Fair Housing Act of 1968 Facts
The Fair Housing Act of 1968 is actually Title VII of the Civil Rights Act of 1968. Signed into law one week after Martin Luther King Junior was assassinated, the act essentially protects buyers and renters from discrimination based on any of the civil rights acts, which includes race, national origin, sex, disabilities, familial status (having children), pregnancy, and age. A 2017 court ruling added sexual orientation and gender identity to the list of protected classes under the Fair Housing Act of 1968. For most of American history, housing discrimination was an accepted practice and for the most part the law in many southern states. Although in the north and west there was no Jim Crow style segregation, homeowners organizations often worked with realtors and local governments to keep neighborhoods and even entire towns segregated. Some of the most segregated towns and neighborhoods in America were in the north and west: Chicago and its suburbs, the Los Angeles area, and the New York City metropolitan region were just as segregated as the south in many ways. After World War II, civil rights activists began to challenge these housing practices by protest and bringing lawsuits. Eventually, civil rights got enough lawmakers to sympathize with their ideas, which made the Fair Housing Act of 1968 a reality.

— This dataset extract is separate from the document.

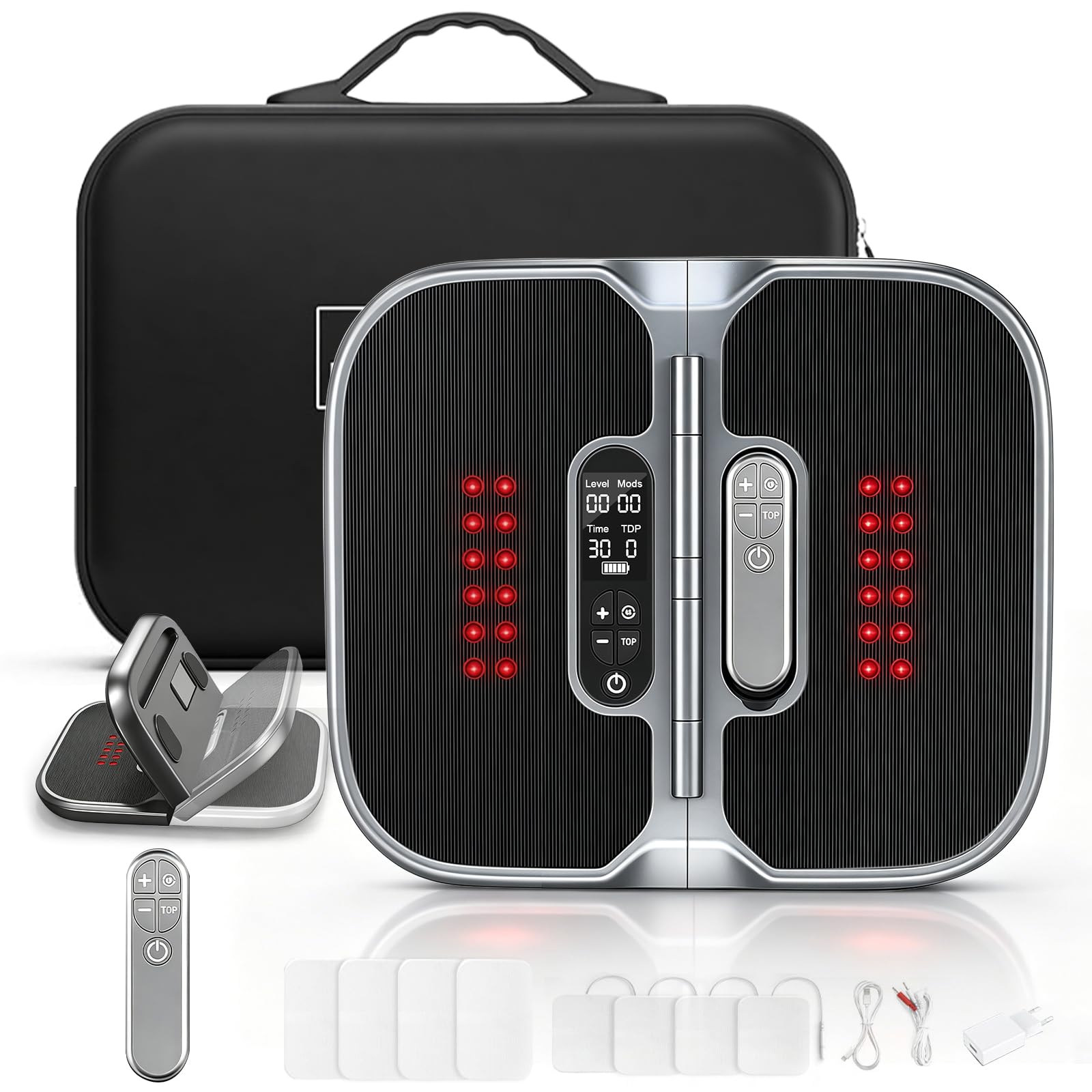Medic Stymulator krążenia krwi z terapią czerwonym światłem (650 nm i 850 nm) – urządzenie do masażu stóp EMS z TENS – łagodzi neuropatię, bóle nóg i kolan, poprawia krążenie krwi stóp, elektryczny i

Interesting Fair Housing Act of 1968 Facts:
The United States Department of Housing and Urban Development (HUD) is the federal agency that oversees the enforcement of the Fair Housing Act.
Within HUD, the Office of Fair Housing and Equal Opportunity (FHEO) operates as the enforcement arm of the Fair Housing Act, employing investigators and attorneys to carry out is mandates.
In the southern states, the FHEO had to wait to carry out its mission until legal segregation was officially dismantled by the end of the 1960s.
The head of HUD is a secretary in the president's cabinet and therefore must be approved by the Senate before taking office.
HUD was established in 1965, with Robert Weaver becoming the first secretary in January 1965.
Ben Carson is the current Secretary of HUD.
The Fair Housing Act of 1968 was part of President Lyndon Johnson's "Great Society" program.
One of the programs that HUD operates is known as the Fair Housing Assistance Program (FHAP), which provides funds to state and local agencies to enforce the Fair Housing Act.
Racial discrimination was initially the only type of discrimination covered under the Fair Housing Act, but sex was added in 1974, and disabilities and familial status were added in 1988.
Although a federal judge ruled that sexual orientation and gender identity are covered under the Fair Housing Act, the Supreme Court could overrule that decision.
Although HUD is the cabinet office that overseas the majority of housing discrimination cases, the Department of Justice, which is also a cabinet department, investigate cases of repeated violations.
If violations of the Fair Housing Act are deemed to be criminal, they are then prosecuted by the Department of Justice.